= Sue Clowes =

English textile and fashion designer

Sue Clowes (born 31 October 1957) is an English textile and fashion designer known for the collection that launched Boy George and Culture Club in 1981.

== Career ==

=== Textiles and fashion ===

Throughout Clowes's career, music and musicians have influenced her work: Culture Club approached her to design a collection for the group to sell in the shop The Foundry in Ganton Street where George O'Dowd (later widely known as Boy George) worked as a window dresser. Clowes created a cultural cocktail of offbeat imagery with religious undertones.

The Flesh and Steel collection of winter 1983 of printed silver crosses was worn by Jonny Slut of Specimen. Susanne Bartsch, an event producer provided early exposure for British designers with a series of shows in New York and then Tokyo. Clowes took part alongside other 1980s designers, including Leigh Bowery. Kylie Minogue wore a Sue Clowes vintage t-shirt for the Anti Tour.

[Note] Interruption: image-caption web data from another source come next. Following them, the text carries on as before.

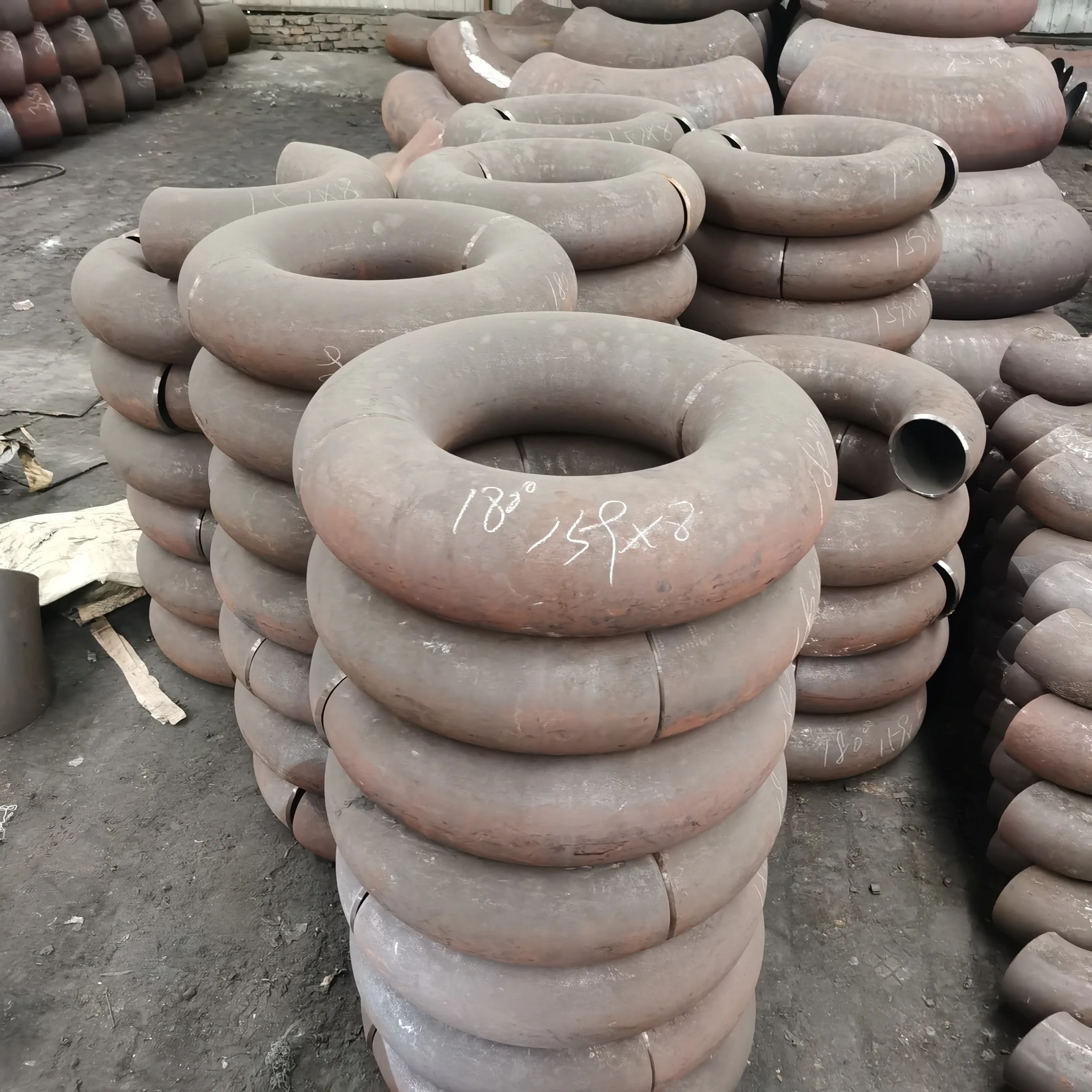 Elbow Pipe Fittings National Standard Carbon Steel Punching Bend Custom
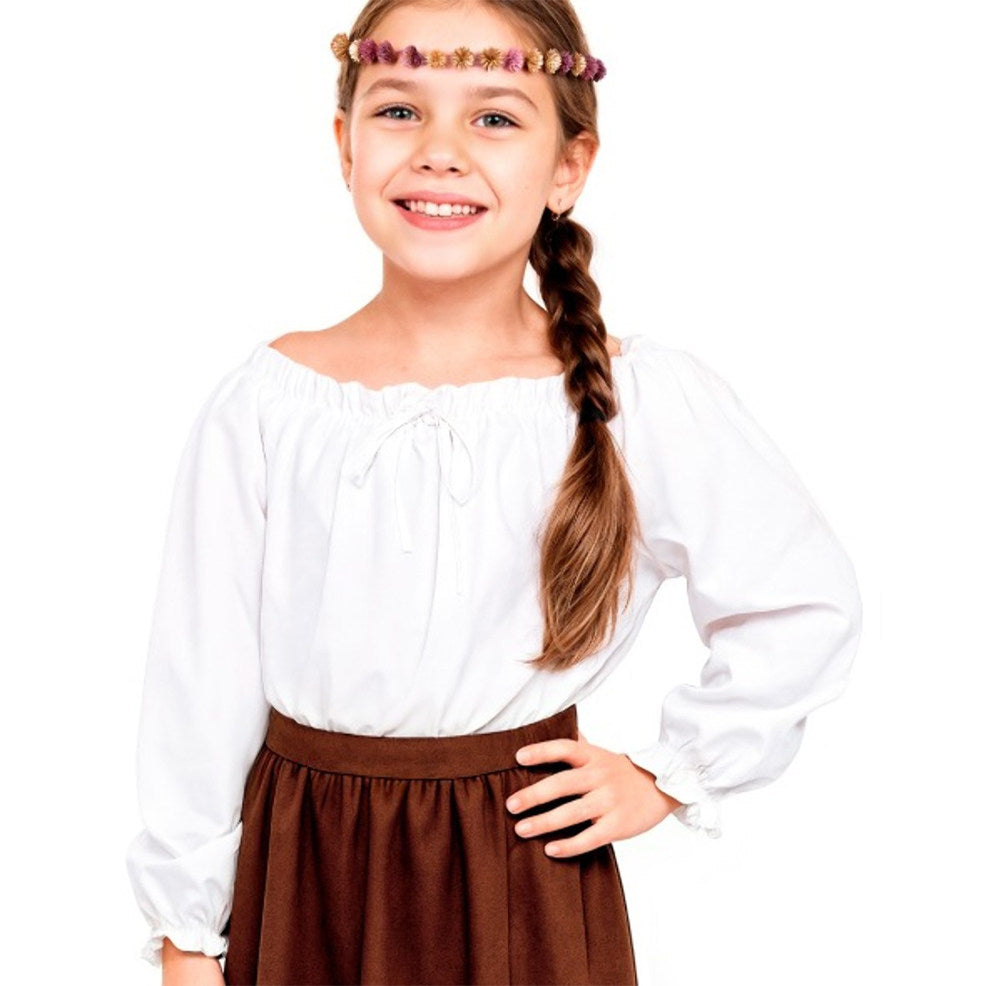 Girls Classic Medieval Blouse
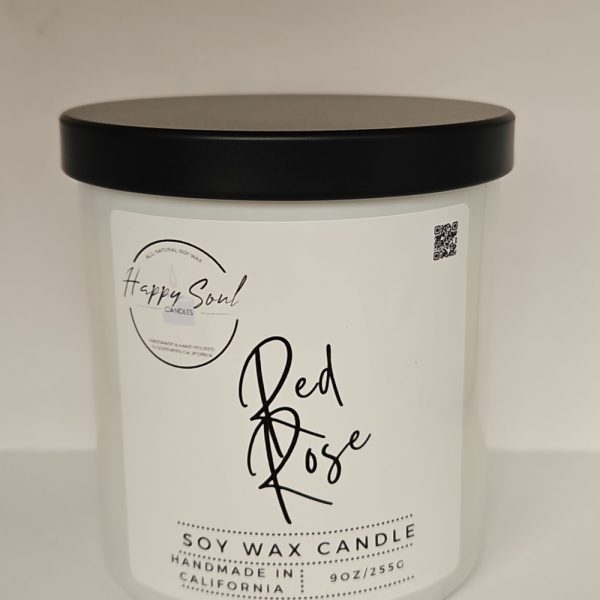 Product Image and Link for Red Rose 9 oz Soy Candle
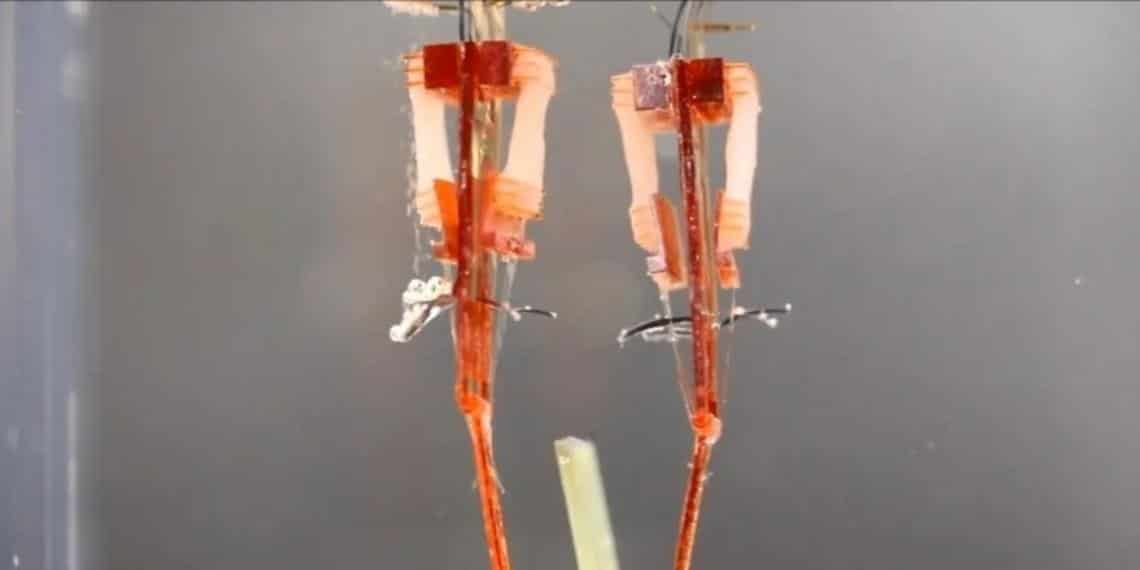 Científicos  del Instituto Tecnológico de Massachusetts han desarrollado un robot capaz de doblar su mano utilizando células musculares de ratón.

=== Research and development ===

Clowes moved to Italy in 1987, and became involved in wearable technology or "smart clothing". Clowes worked in an academic team called Grado Zero Espace, with Italian engineers and scientists, to pioneer clothing that incorporated technology. These garments won awards from Time and Popular Science. She also worked on the project of shape-memory alloy named Nitinol to obtain the first woven fabric. Clowes worked on the team that researched and developed a jacket padded with Aerogel. The jacket called Absolute Zero was taken on an Antarctic expedition. For Corpo Nove, Clowes researched Stinging Nettle fibres which were woven to produce jeans. She gave a conference at the Eden Project.

=== Journalism ===

Clowes wrote articles for an Italian magazine called N9VE.

== Recent work ==

Clowes re-launched the Sue Clowes brand in 2012 with her daughter Marta Melani and collaborated on an edition of five pairs of sneakers for Italian cult shoe company Fornarina Srl. The sneakers along with their winter Night Sky Junkie collection was modelled by dancers on skates during Milan Menswear Fashion Week, 2014 at the Milan Alphabet nightclub.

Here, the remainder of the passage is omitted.